Nu wordt Jona pas echt giftig. Gaat hij na een diepe innerlijke strijd eindelijk voor zijn grote opdracht, als dienstbetoon aan de Heer, blijkt diezelfde Heer een watje te zijn. Verontwaardigd doet hij zijn beklag bij zijn goddelijke opdrachtgever. ‘Dit is nu precies waarom ik eerst niet wilde gehoorzamen’, zegt hij, ‘ik dacht al dat u toch niet de guts zou hebben om er echt mee door te gaan. U met uw verdomde barmhartigheid ook’. Als antwoord laat de Heer Jona’s boompje verdorren, zodat de bladeren hem geen schaduw meer geven. ‘Hoe vind je dat?’ vraagt hij Jona. Die is not amused. En nu komt de Heer met zijn punchline. ‘Als jij je al zo druk maakt over zo’n lullig boompje, mag ik me dan alsjeblieft ook bekommeren om die stad Niniveh waar zoveel arme mensen wonen die niet eens het verschil kennen tussen hun linker- en rechterhand.’
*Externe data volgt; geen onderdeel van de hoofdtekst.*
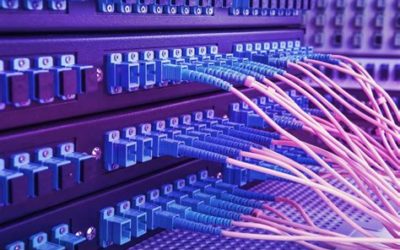 How Fiber Optic Internet is Installed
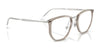 Ray-Ban RX4451V Eyeglasses / Black №2000 / Size 50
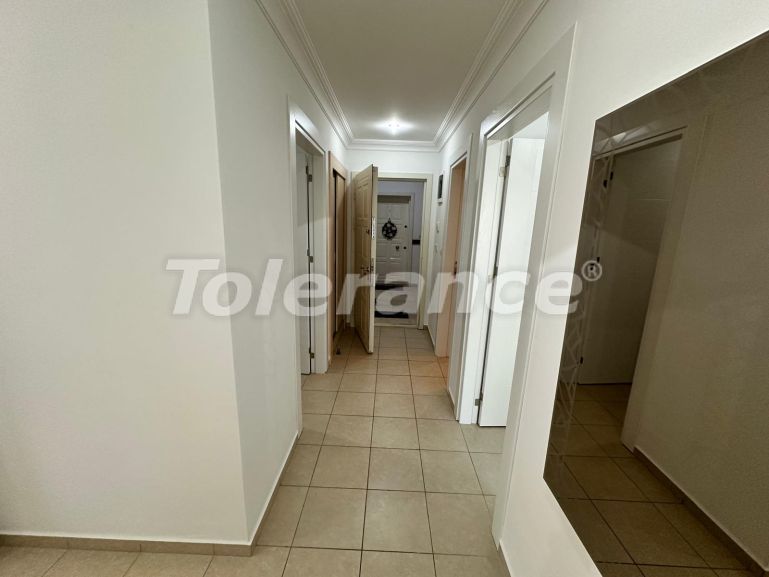 Квартира в Сиде с бассейном: купить недвижимость в Турции - 138773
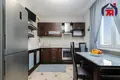 Квартира 2 комнаты 61 м² Минск, Беларусь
Met deze uitspraak eindigt het bijbelboek Jona. We krijgen niets te horen over hoe het nu verder ging met Jona, of hij tot inzicht kwam (of dat de Heer misschien toch inzag dat hij ongelijk had). We blijven hangen in de totale verwarring (net als in veel dialogen met Socrates).
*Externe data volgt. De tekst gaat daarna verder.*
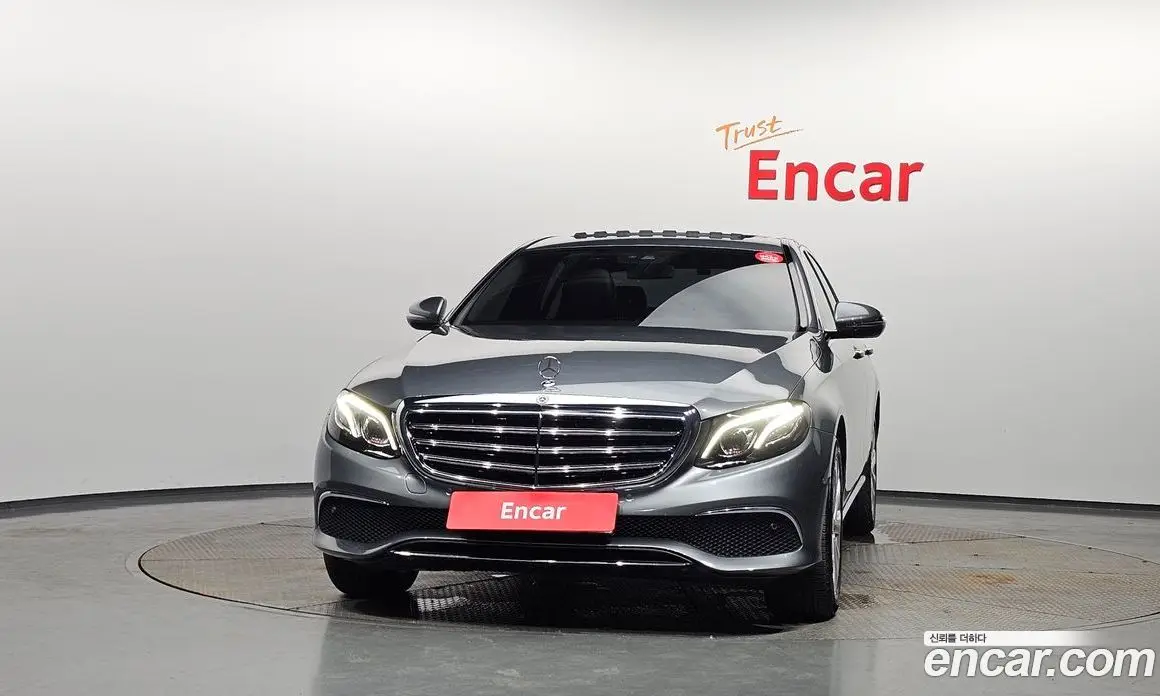 Mercedes-Benz E-Class 2019 1.9 автомат (гидро), фото 3 Mercedes-Benz E-Class 2019 1.9 автомат (гидро), фото 3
Natuurlijk kunnen we uit dit einde een stichtelijke les halen: geweld lost niets op, na berouw komt vergeving, we moeten compassie hebben. Maar dat is te makkelijk. In ware Nico-stijl besloot Hans zijn lezing met de verzuchting dat hij na veertig jaar studie nog steeds niets van het bijbelboek Jona begrijpt.